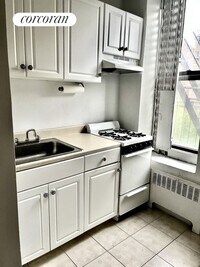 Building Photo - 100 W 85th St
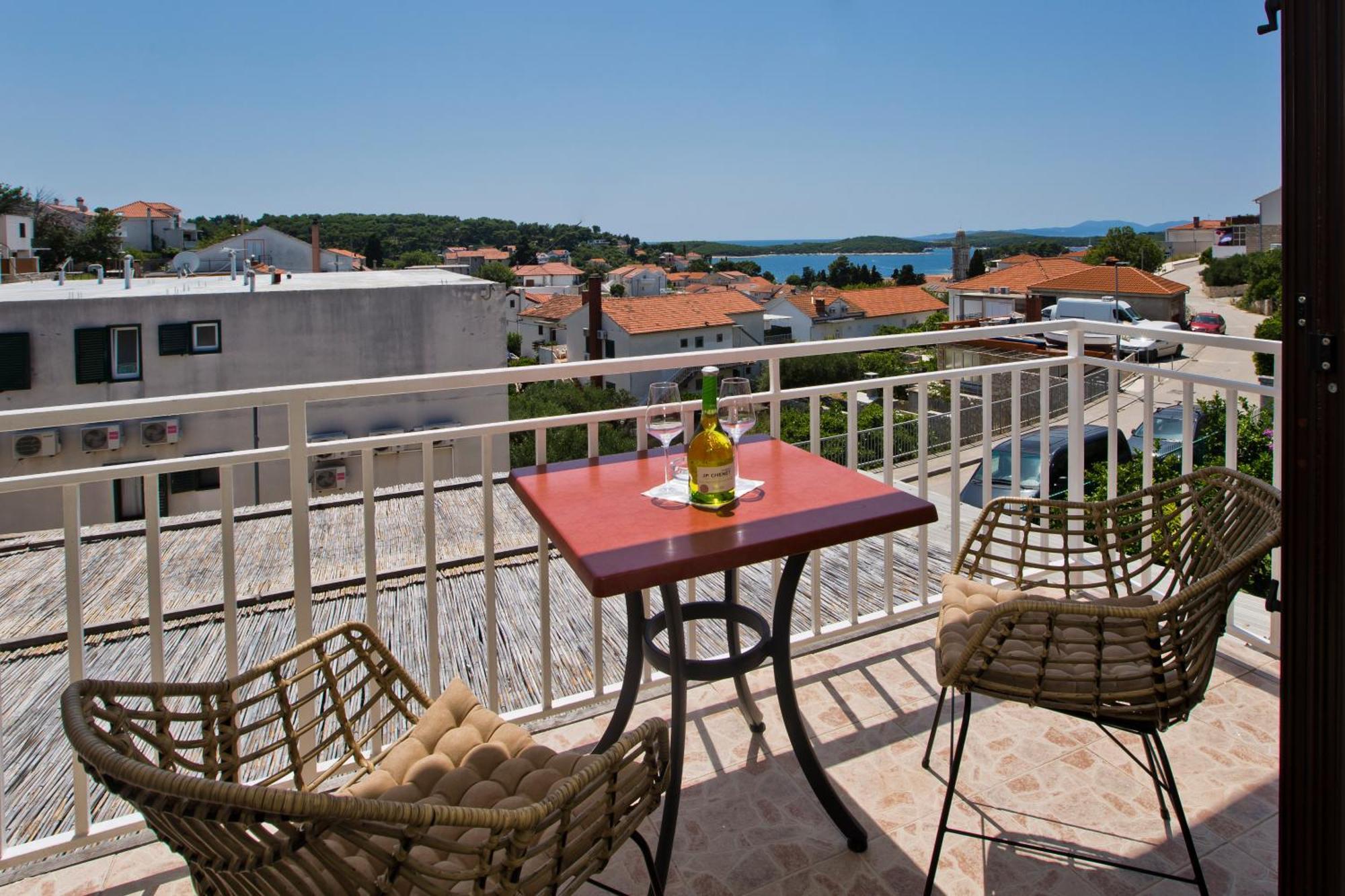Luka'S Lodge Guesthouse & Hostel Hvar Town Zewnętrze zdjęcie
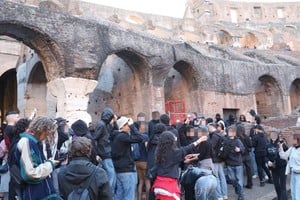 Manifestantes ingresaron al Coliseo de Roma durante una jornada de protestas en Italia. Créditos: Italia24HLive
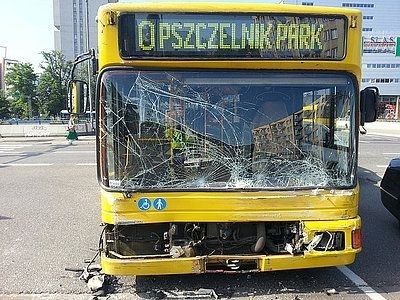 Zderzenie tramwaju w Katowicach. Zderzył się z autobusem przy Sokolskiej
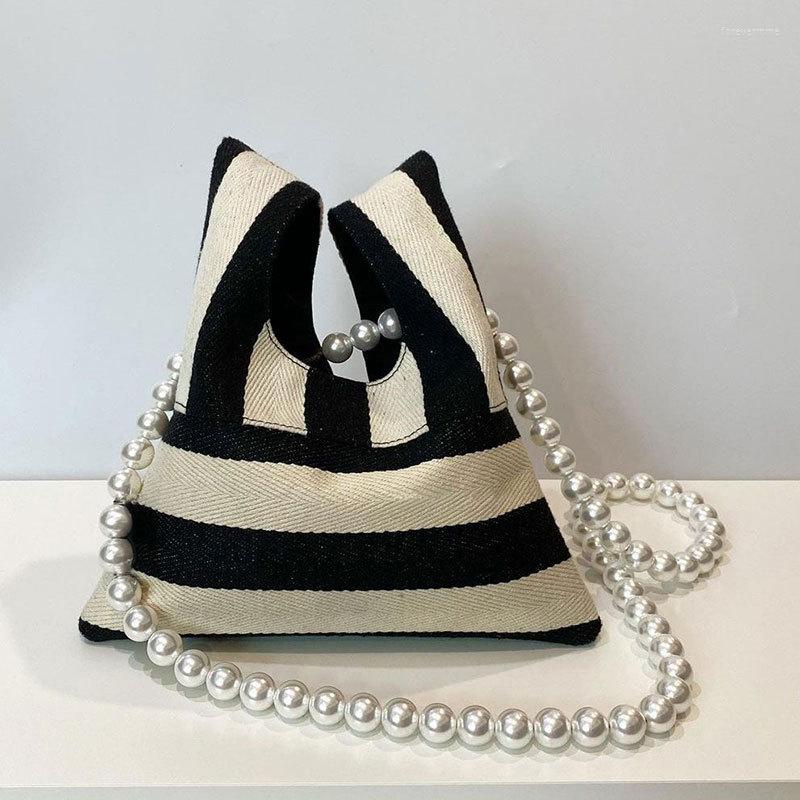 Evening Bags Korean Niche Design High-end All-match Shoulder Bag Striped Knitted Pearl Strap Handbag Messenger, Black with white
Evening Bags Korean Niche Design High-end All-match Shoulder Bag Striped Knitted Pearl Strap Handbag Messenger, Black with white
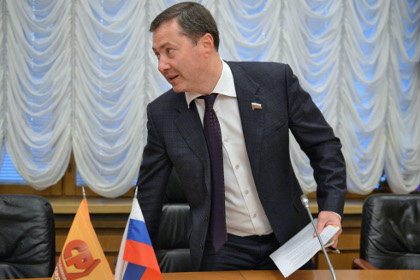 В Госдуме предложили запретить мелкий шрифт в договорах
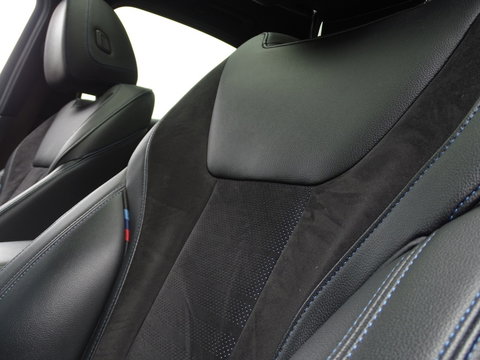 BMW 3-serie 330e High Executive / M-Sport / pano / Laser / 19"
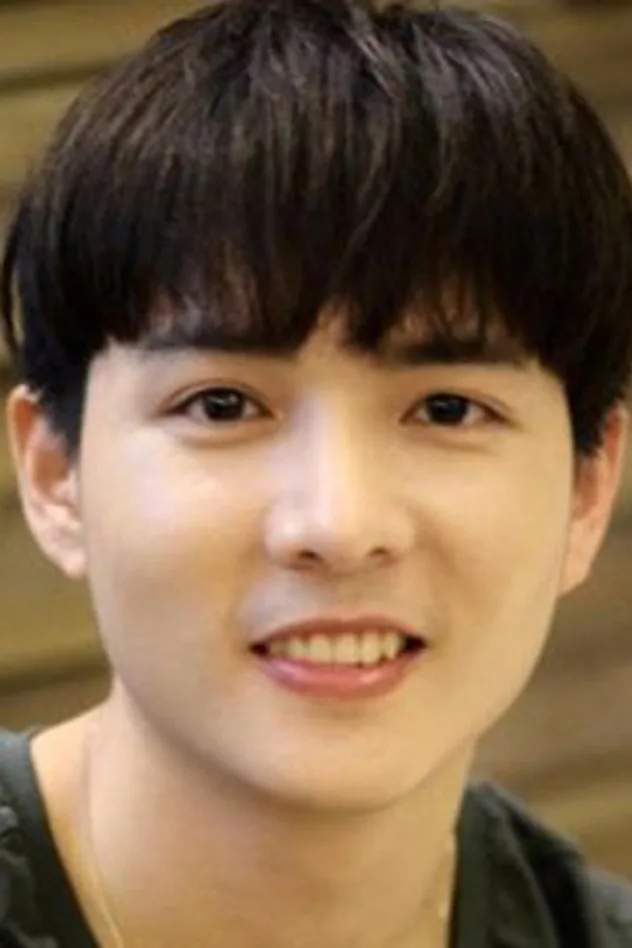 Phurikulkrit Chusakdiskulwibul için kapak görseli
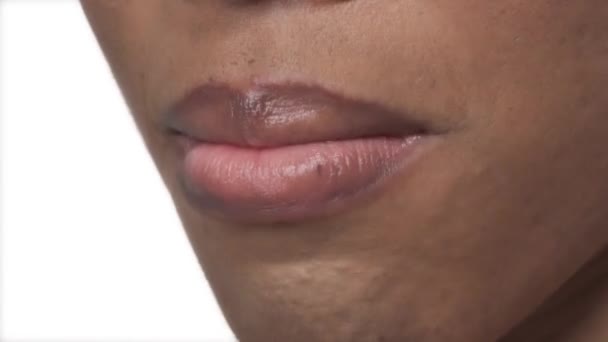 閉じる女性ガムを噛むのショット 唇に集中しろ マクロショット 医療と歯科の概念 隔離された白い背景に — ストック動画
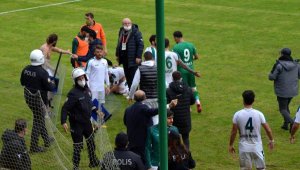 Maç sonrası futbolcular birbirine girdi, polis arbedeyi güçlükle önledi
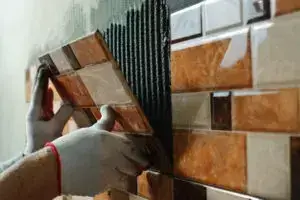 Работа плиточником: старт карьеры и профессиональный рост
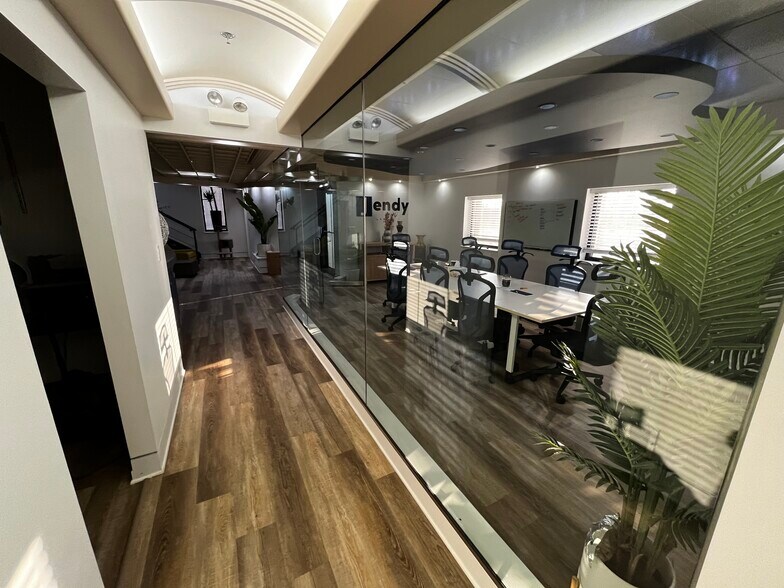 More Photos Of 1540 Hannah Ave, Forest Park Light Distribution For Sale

───

Starting with the line that holds "Luka'S Lodge Guesthouse", transcribe exactly each line through the last one of the material above, and nothing else. Do not include pictures.

- _Exercise solution_
Luka'S Lodge Guesthouse & Hostel Hvar Town Zewnętrze zdjęcie
 Manifestantes ingresaron al Coliseo de Roma durante una jornada de protestas en Italia. Créditos: Italia24HLive
 Zderzenie tramwaju w Katowicach. Zderzył się z autobusem przy Sokolskiej
 Evening Bags Korean Niche Design High-end All-match Shoulder Bag Striped Knitted Pearl Strap Handbag Messenger, Black with white
Evening Bags Korean Niche Design High-end All-match Shoulder Bag Striped Knitted Pearl Strap Handbag Messenger, Black with white
 В Госдуме предложили запретить мелкий шрифт в договорах
 BMW 3-serie 330e High Executive / M-Sport / pano / Laser / 19"
 Phurikulkrit Chusakdiskulwibul için kapak görseli
 閉じる女性ガムを噛むのショット 唇に集中しろ マクロショット 医療と歯科の概念 隔離された白い背景に — ストック動画
 Maç sonrası futbolcular birbirine girdi, polis arbedeyi güçlükle önledi
 Работа плиточником: старт карьеры и профессиональный рост
 More Photos Of 1540 Hannah Ave, Forest Park Light Distribution For Sale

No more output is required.